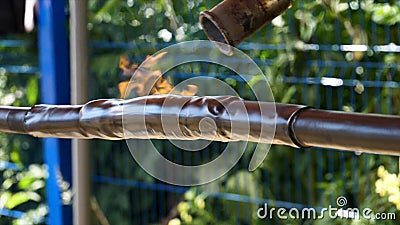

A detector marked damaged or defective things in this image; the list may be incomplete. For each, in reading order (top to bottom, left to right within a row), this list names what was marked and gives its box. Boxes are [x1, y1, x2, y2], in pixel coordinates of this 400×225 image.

rusty metal pipe [199, 0, 290, 55]
rusty metal pipe [0, 96, 400, 156]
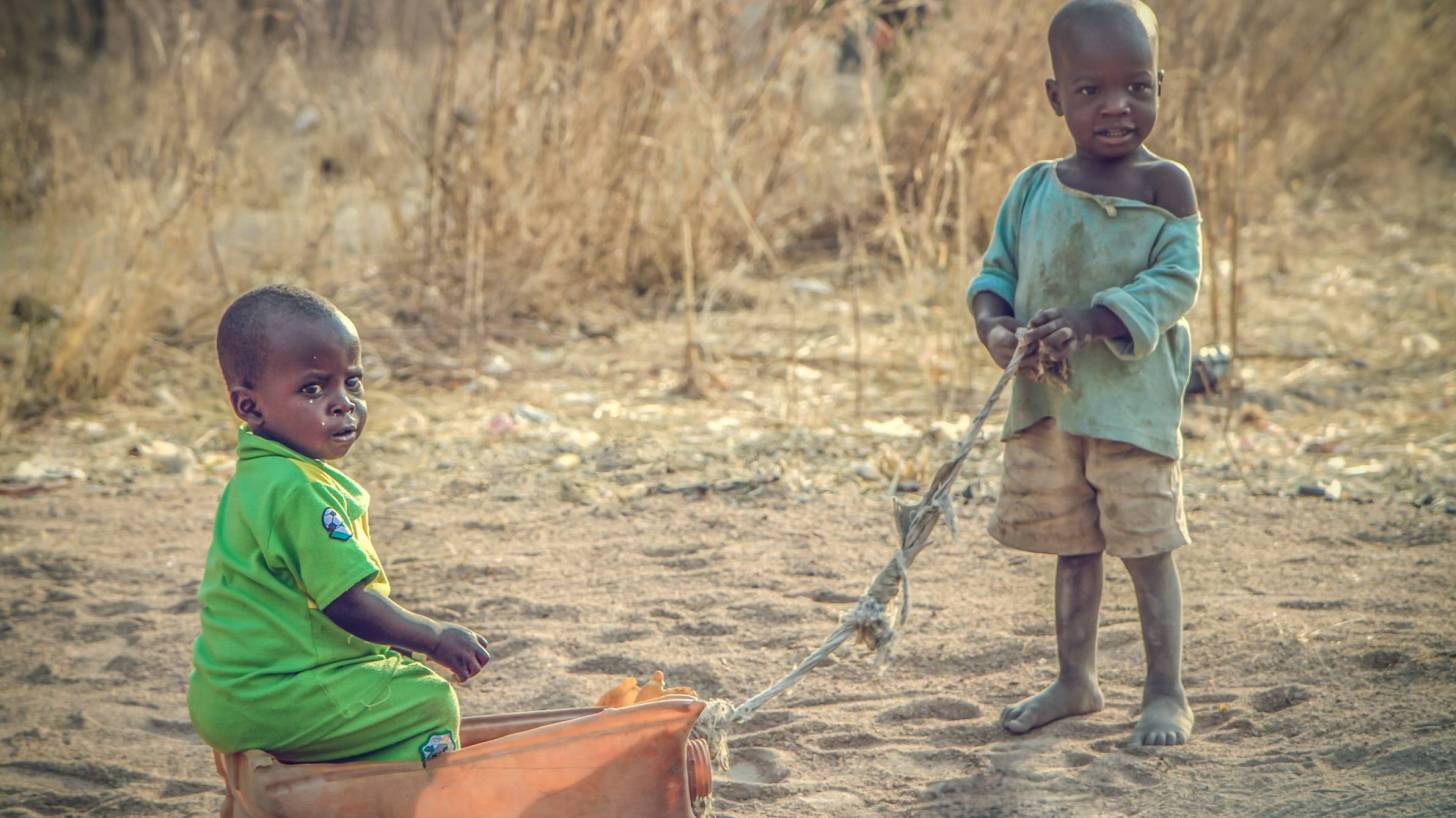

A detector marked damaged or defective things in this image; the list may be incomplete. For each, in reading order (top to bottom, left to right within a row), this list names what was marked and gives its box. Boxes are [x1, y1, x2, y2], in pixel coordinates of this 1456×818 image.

tattered teal shirt [972, 161, 1200, 460]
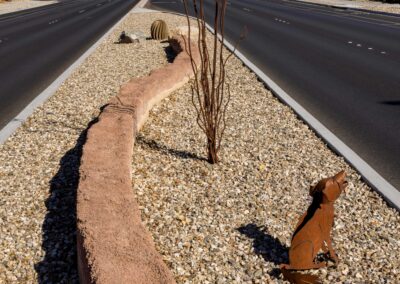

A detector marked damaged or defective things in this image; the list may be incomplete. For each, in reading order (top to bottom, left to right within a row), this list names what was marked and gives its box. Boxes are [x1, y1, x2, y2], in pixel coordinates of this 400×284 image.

rusted metal dog sculpture [280, 170, 348, 282]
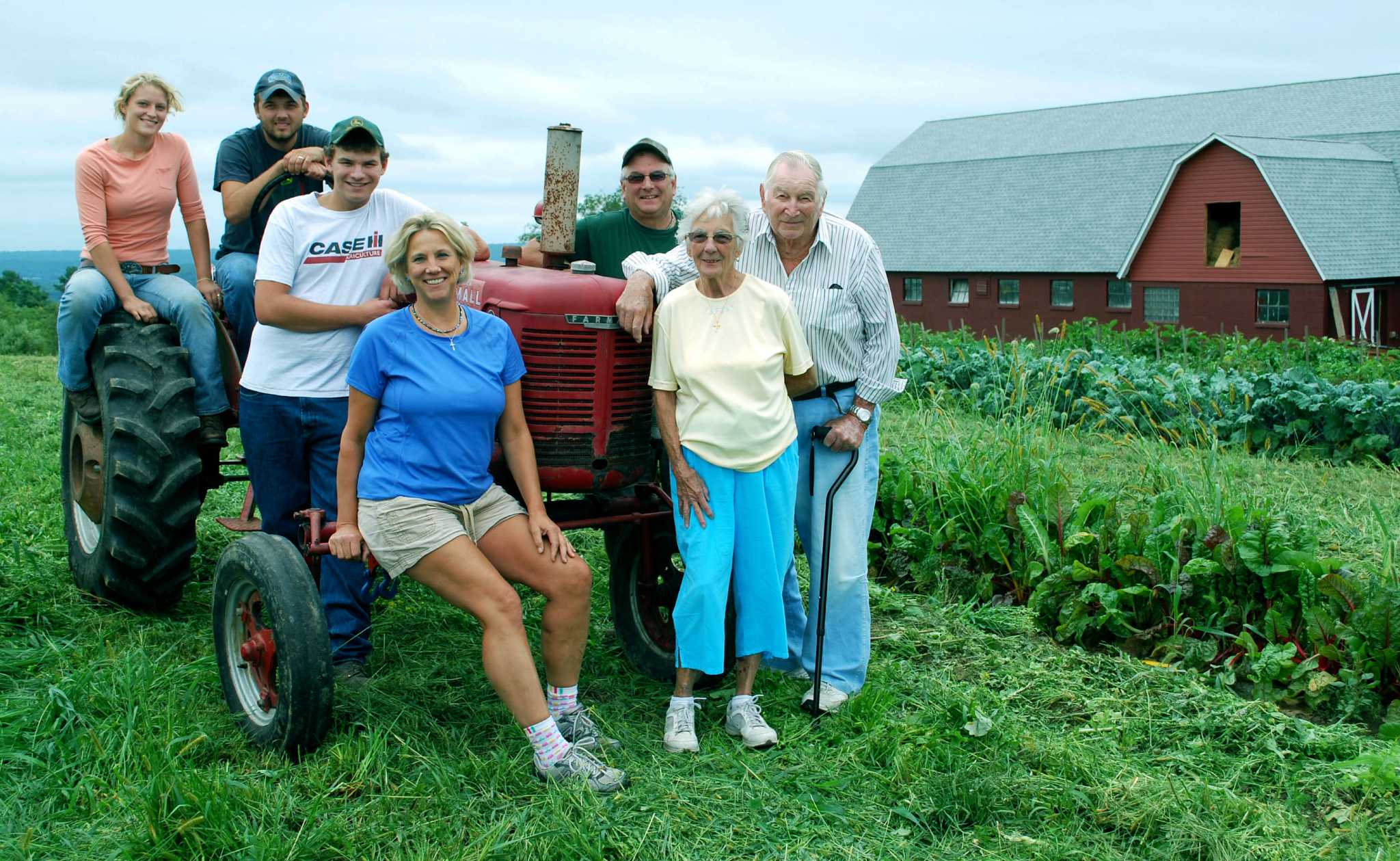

-------------------------

▸ YOUR GOAL
Leave the pictures out and return the rest of the material exactly.

▸ EXERCISE OUTPUT
A detector marked damaged or defective things in this image; the list may be incomplete. For each, in reading order (top to bottom, left to right within a row), this list names what was marked and gives its box. Boxes are [x1, y1, x2, y2], in pixel coordinates of this 400×225 image.

rusty metal pipe [199, 0, 290, 55]
rusty metal pipe [0, 96, 400, 156]

A detector marked damaged or defective things in this image; the list may be incomplete. For each, in reading order (top to bottom, left to right within a row), this list names what was marked and gives its box. Boxes are [x1, y1, x2, y2], in pixel coordinates of this 1456×818 image.

tattered teal shirt [972, 161, 1200, 460]

A detector marked damaged or defective things in this image; the list may be incomplete. For each, in reading order (top to bottom, left to right within a row), this list names what was marked and gives its box. Boxes are [x1, y1, x2, y2], in pixel coordinates of this 400×284 image.

rusted metal dog sculpture [280, 170, 348, 282]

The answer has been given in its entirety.